> **Extracted entries**
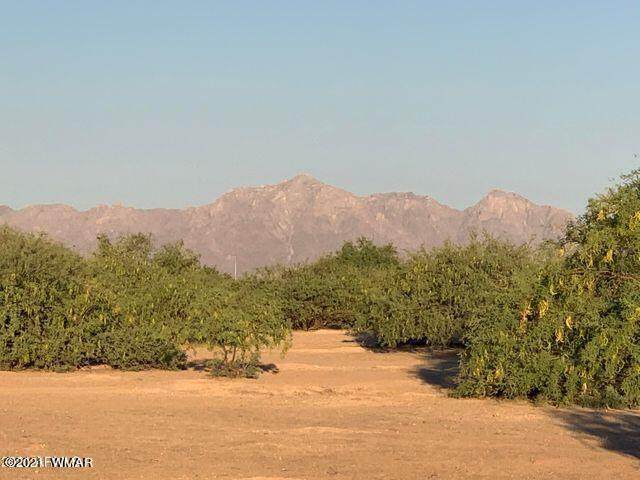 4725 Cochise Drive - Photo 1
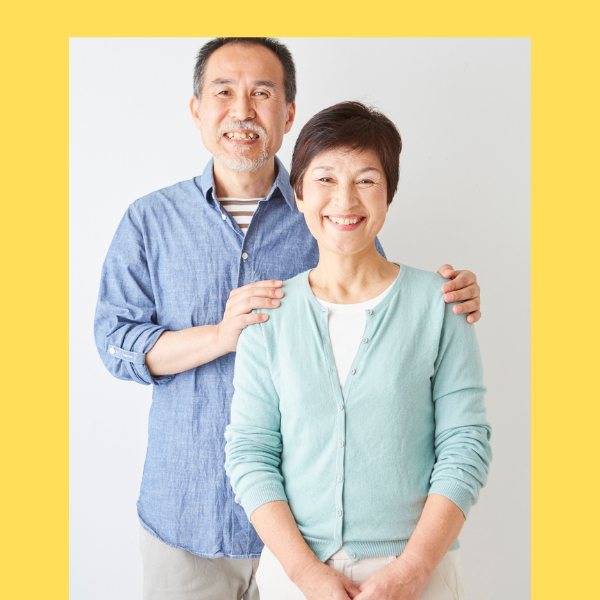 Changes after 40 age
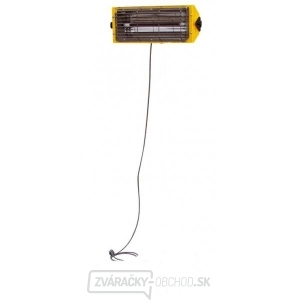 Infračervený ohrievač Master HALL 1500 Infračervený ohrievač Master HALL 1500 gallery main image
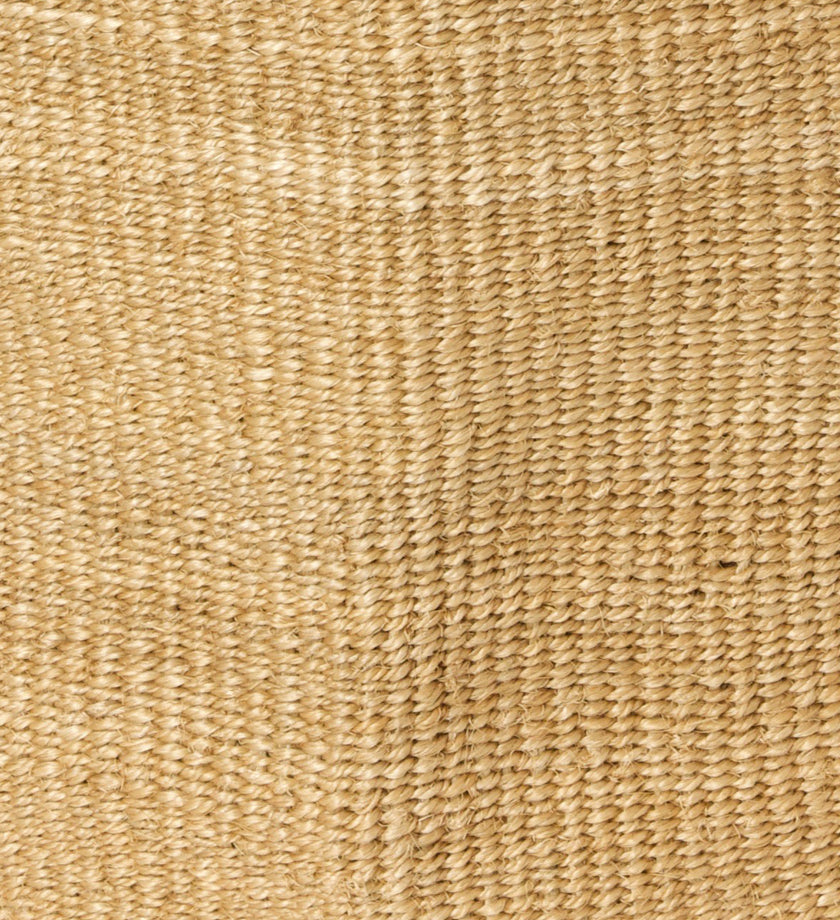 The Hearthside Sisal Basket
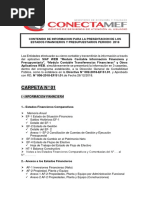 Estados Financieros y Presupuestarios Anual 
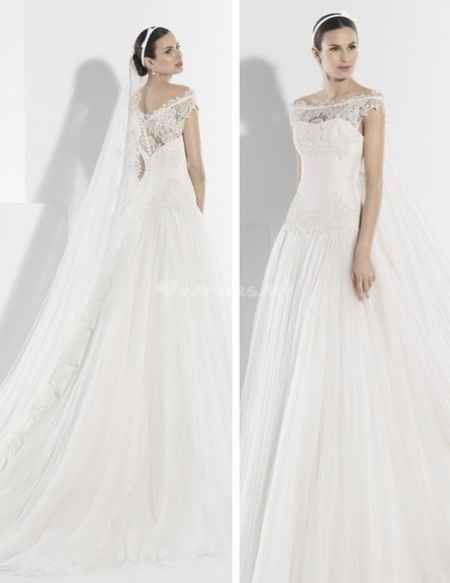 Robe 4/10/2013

> **The task**
Could you print the listing above exactly, without the pictures?

> **Response area**
 4725 Cochise Drive - Photo 1
 Changes after 40 age
 Infračervený ohrievač Master HALL 1500 Infračervený ohrievač Master HALL 1500 gallery main image
 The Hearthside Sisal Basket
 Estados Financieros y Presupuestarios Anual 
 Robe 4/10/2013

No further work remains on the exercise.